Oleh Ummi Nisaa
Pegiat Literasi
Tahun ini, sudah 79 tahun Indonesia merdeka. Namun kesejahteraan rakyat belum merata, kesenjangan pembangunan antar desa dan kota masih tampak nyata.
Kini pemerintah berharap pembangunan desa dapat mengurangi kesenjangan antar wilayah. Hal ini disampaikan oleh Ketua MPR RI Bambang Soesatyo alias Bamsoet dalam acara Sosialisasi Empat Pilar MPR RI bersama Majelis Nasional Korps Alumni Himpunan Mahasiswa Islam (MN KAHMI), di Kompleks, Parlemen, Senayan, Jakarta. Ia menegaskan bahwa pembangunan desa menjadi penyeimbang untuk memangkas jurang perbedaan antara kehidupan di perkotaan dan pedesaan. (antaranews.com, 31 Juli 2024)
Upaya pembangunan desa sejatinya telah dimulai sejak sepuluh tahun yang lalu. Gagasan membangun dari pinggiran (desa) telah diimplementasikan melalui dua strategi utama, yakni investasi publik besar-besaran di wilayah pinggiran, khususnya melalui program dana desa. Selain itu, melalui investasi swasta dan publik untuk membuka konektivitas antar wilayah melalui pembangunan prasarana dan sarana transportasi. Strategi itu, antara lain, didukung pendanaan hasil dari realokasi APBN dari yang sebelumnya banyak tersedot ke subsidi BBM menuju penggunaan untuk pembangunan infrastruktur.
Meski secara kasat mata kita dapat melihat hasilnya pembangunan infrastruktur demikian jor joran, tetapi jika mengukur angka kemiskinan di perdesaan konsisten lebih tinggi daripada angka kemiskinan di perkotaan. Mengutip data badan pusat statistik atau BPS per-Maret 2024 yang mencatat persentase angka kemiskinan di desa mencapai 11,79% jauh lebih tinggi jika dibandingkan dengan perkotaan sebesar 7,09%. Ini artinya pembamgunan sarana dan prasarana belum berimplikasi pada kesejahteraan rakyat pedesaan, justru dengan banyaknya pembangunan jalan tol yang mengambil alih lahan pertanian. Hal ini menjadikan mata pencaharian petani di desa semakin menurun.
Selain itu, kemiskinan, minimnya fasilitas di pedesaan, standar hidup yang rendah, dan sulitnya mencari pendapatan di desa mendorong urbanisasi terus terjadi. Terlebih pasca lebaran. Hal ini membuktikan masih adanya kesenjangan tersebut. Demikian pula desa tertinggal dan desa sangat tertinggal masih banyak.
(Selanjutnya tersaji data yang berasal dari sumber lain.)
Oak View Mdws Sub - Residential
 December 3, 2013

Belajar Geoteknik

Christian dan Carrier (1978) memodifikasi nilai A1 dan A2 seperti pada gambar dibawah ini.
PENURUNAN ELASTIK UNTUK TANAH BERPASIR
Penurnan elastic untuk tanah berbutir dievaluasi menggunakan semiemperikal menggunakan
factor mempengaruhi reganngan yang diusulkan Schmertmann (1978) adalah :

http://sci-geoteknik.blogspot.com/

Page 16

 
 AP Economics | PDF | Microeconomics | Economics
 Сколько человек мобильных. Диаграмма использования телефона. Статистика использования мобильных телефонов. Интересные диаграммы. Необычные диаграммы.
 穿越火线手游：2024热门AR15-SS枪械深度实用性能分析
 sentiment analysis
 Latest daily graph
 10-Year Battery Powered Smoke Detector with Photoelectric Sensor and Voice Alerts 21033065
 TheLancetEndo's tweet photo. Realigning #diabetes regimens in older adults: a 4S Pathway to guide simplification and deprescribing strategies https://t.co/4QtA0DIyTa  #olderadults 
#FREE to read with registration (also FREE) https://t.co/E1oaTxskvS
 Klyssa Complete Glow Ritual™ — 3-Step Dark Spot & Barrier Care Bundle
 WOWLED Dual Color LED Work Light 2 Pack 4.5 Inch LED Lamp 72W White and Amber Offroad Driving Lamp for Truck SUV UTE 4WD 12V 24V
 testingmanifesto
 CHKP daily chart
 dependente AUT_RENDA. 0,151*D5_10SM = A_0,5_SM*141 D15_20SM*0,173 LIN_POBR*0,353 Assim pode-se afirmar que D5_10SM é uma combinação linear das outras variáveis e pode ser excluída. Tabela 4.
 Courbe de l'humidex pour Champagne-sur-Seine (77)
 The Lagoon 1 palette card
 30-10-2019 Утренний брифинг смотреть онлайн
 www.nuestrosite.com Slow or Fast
Ditambah dalam sistem demokrasi hari ini, maraknya korupsi termasuk dana pembangunan desa banyak dilakukan oleh pejabat desa. Tak ayal pemerataan pembangunan desa hanya ilusi.
Sistem desentralisasi yang diterapkan juga mengakibatkan tidak meratanya pembangunan desa. Sebab sistem ini menjadikan pemerintah pusat berlepas tangan atas pembangunan yang terjadi di desa. Setiap desa didorong untuk mencari sumber pemasukan secara mandiri untuk dipergunakan membangun desa. Padahal kemampuan dan potensi ekonomi yang tersimpan di desa tentu berbeda-beda. Memang negara tidak sepenuhnya lepas tanggung jawab, sebab memang ada program dana desa yang seolah merupakan bentuk perhatian pemerintah pusat ke desa-desa di berbagai pelosok negeri. Namun dibalik itu semua ternyata tersimpan motif neoliberalisasi ekonomi khususnya melalui sektor pariwisata dan sumber daya alam strategis negeri ini.
Semua ini akibat penerapan sistem kapitalisme sekuker. Negara dalam sistem ini berpijak pada kepentingan dan keuntungan materi. Karena itu, program-program yang dicanangkan untuk mengelola desa didasarkan pada untung dan rugi. Maka tak heran kita menemukan ada desa yang mendapat perhatian lebih, karena sumber daya alam yang banyak sebagai potensi ekonomi yang dimiliki desa tersebut. Mirisnya sumber daya alam tersebut diserahkan pengelolaannya kepada pihak swasta atau asing, sehingga tidak ada keuntungan yang didapatkan desa kecuali sangat sedikit.